Exercise:
Reproduce the entries word for word but drop every picture.

Supplied material:
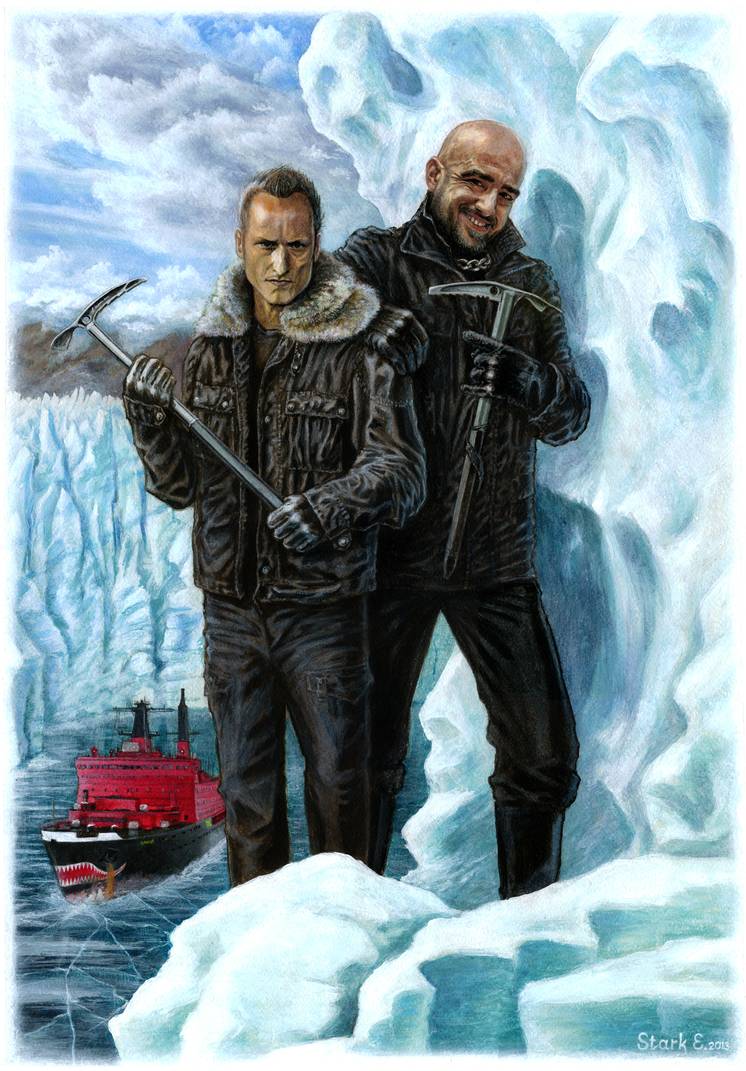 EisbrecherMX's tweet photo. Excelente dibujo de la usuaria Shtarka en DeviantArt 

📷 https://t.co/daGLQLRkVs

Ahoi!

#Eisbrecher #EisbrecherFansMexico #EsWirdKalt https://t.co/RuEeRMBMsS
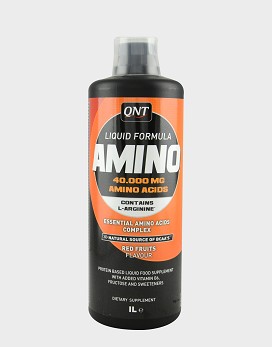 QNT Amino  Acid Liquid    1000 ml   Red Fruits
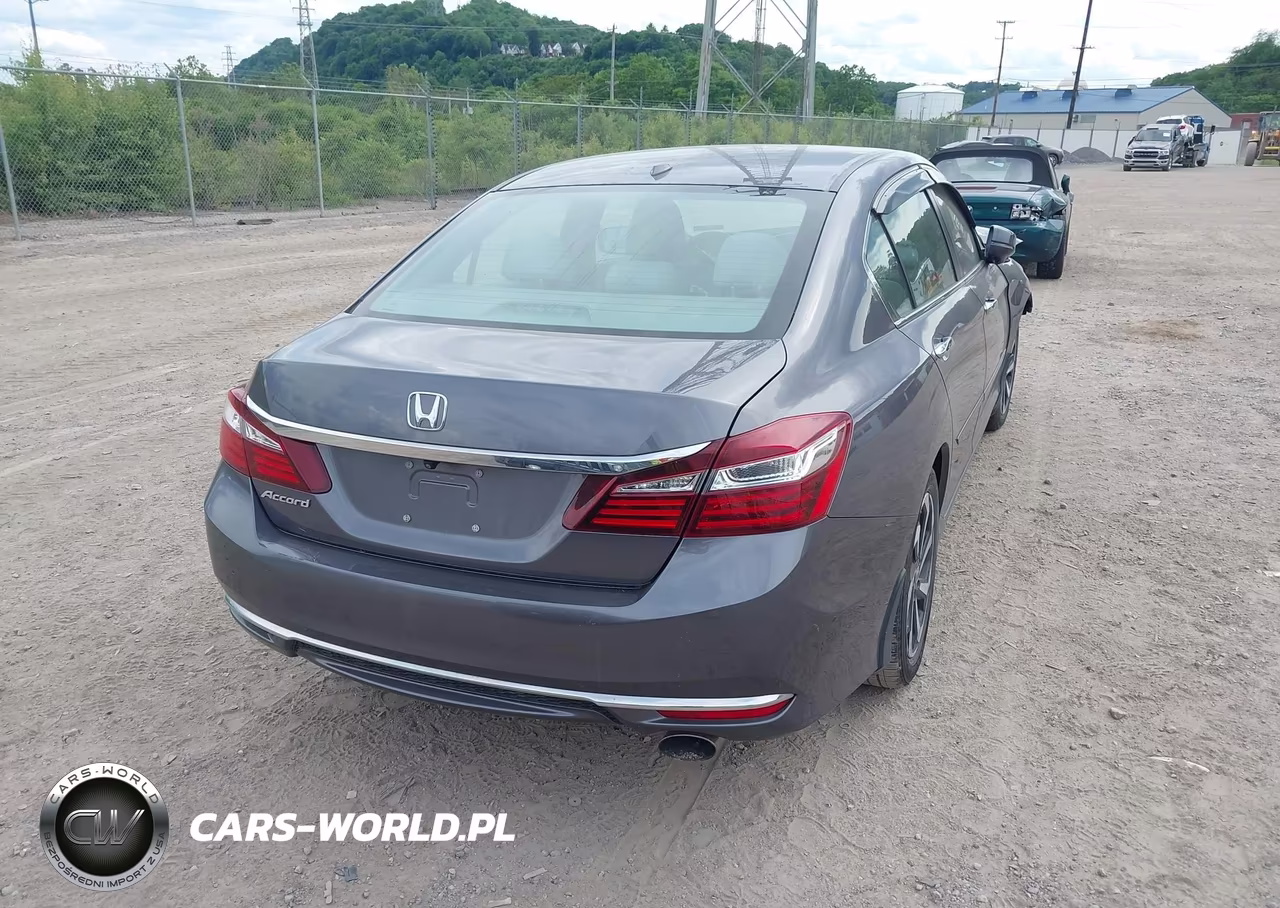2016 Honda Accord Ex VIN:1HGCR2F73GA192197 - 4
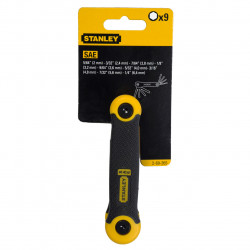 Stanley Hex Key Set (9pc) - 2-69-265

Finished exercise:
 EisbrecherMX's tweet photo. Excelente dibujo de la usuaria Shtarka en DeviantArt 

📷 https://t.co/daGLQLRkVs

Ahoi!

#Eisbrecher #EisbrecherFansMexico #EsWirdKalt https://t.co/RuEeRMBMsS
 QNT Amino  Acid Liquid    1000 ml   Red Fruits
2016 Honda Accord Ex VIN:1HGCR2F73GA192197 - 4
 Stanley Hex Key Set (9pc) - 2-69-265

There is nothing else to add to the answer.